- _Work to be completed_
Below are the records; pull every line that includes "Black".

- _Given records_

==*==

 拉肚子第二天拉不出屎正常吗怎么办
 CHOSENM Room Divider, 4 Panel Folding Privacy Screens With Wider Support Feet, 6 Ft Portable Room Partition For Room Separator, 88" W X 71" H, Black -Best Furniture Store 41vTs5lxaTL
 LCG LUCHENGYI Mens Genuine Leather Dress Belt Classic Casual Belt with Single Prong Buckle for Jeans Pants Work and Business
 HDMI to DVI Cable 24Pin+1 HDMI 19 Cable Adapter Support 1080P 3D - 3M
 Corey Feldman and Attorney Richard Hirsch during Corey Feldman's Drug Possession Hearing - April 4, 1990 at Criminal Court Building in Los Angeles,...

==*==

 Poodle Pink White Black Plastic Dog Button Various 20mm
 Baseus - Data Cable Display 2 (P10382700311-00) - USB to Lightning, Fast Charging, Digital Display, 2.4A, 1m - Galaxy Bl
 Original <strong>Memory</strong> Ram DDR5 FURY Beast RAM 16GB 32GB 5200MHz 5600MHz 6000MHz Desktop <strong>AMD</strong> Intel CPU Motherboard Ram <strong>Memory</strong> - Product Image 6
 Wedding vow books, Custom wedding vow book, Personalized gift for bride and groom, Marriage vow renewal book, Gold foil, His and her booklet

==*==

- _Answer box_
 CHOSENM Room Divider, 4 Panel Folding Privacy Screens With Wider Support Feet, 6 Ft Portable Room Partition For Room Separator, 88" W X 71" H, Black -Best Furniture Store 41vTs5lxaTL
 Poodle Pink White Black Plastic Dog Button Various 20mm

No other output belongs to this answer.